• **WORK TO COMPLETE**:
Pictures are to be left out, and only the lines below starting at the one with "Reitturnier Barlo-Bocholt 2023" and ending at the one with "급성 요통과 만성 요통으로 나눈 요통 운동 종목 타임라인" are to be reproduced, each exactly, both ends included.

• **INPUT MATERIAL**:
★ ★ ★ ★ ★

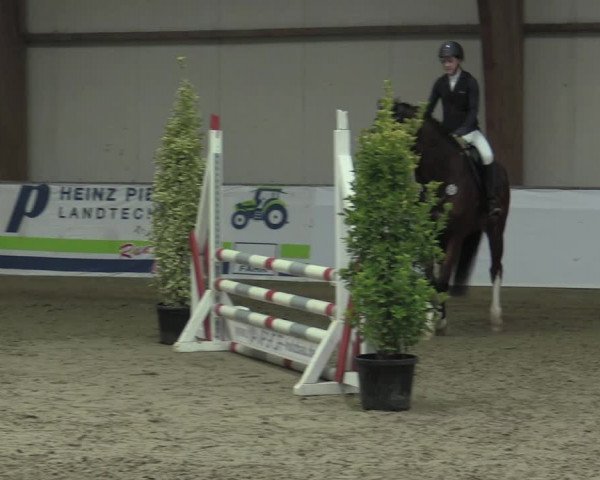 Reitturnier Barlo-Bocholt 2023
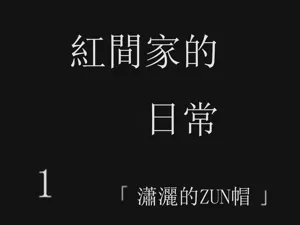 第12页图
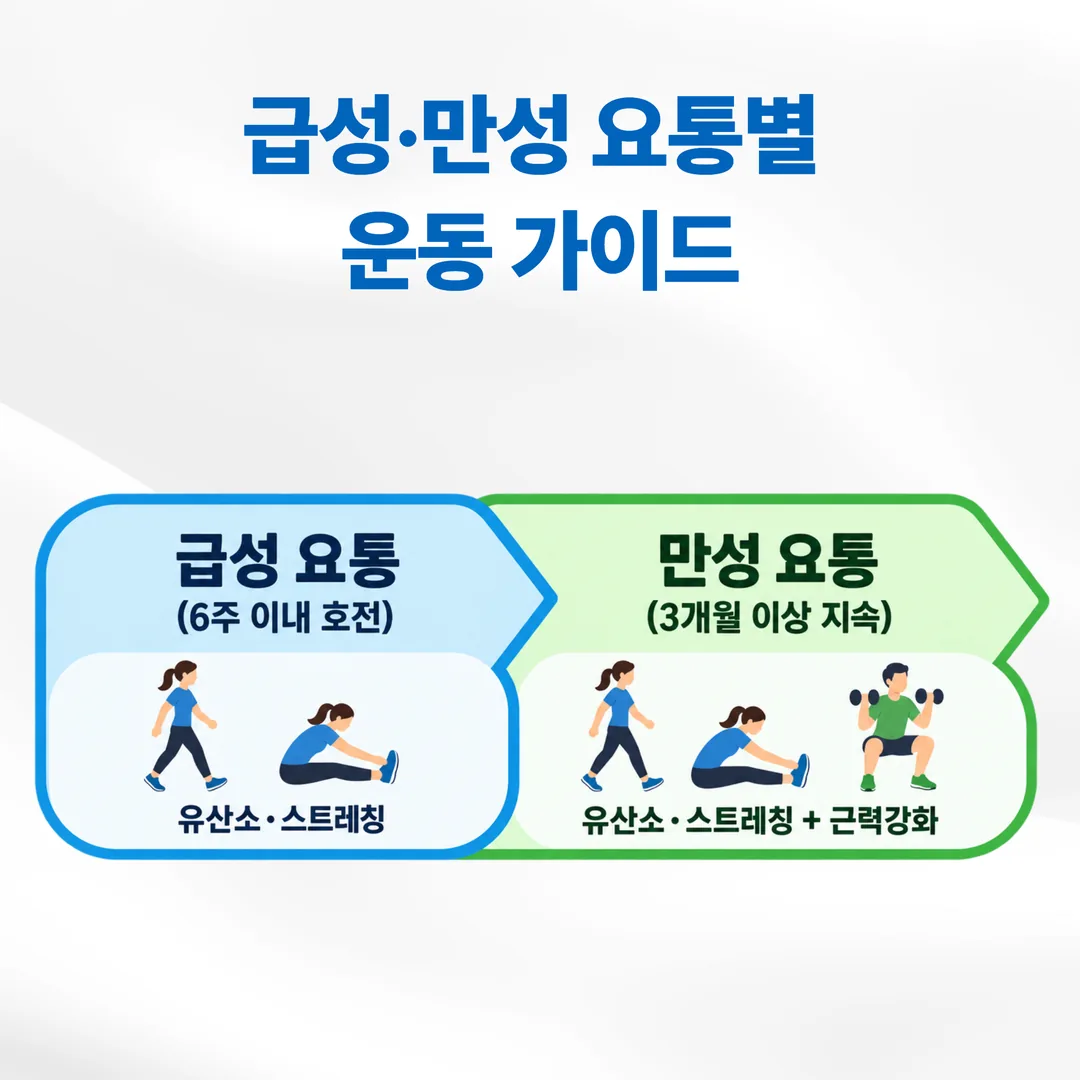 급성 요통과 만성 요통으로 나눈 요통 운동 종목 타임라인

★ ★ ★ ★ ★

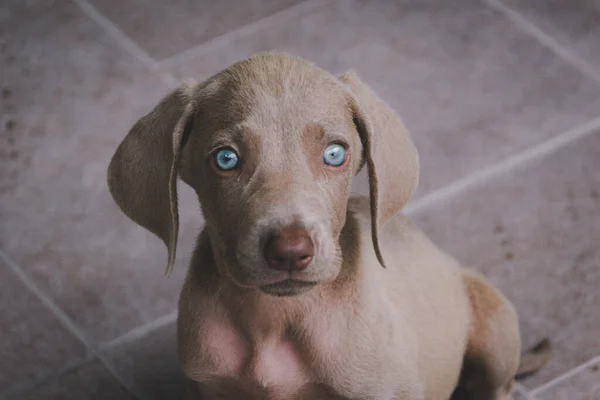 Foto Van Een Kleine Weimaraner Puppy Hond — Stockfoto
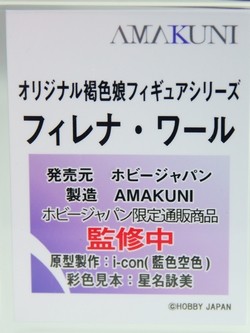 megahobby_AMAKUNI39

★ ★ ★ ★ ★

• **WORKED SOLUTION**:
 Reitturnier Barlo-Bocholt 2023
 第12页图
 급성 요통과 만성 요통으로 나눈 요통 운동 종목 타임라인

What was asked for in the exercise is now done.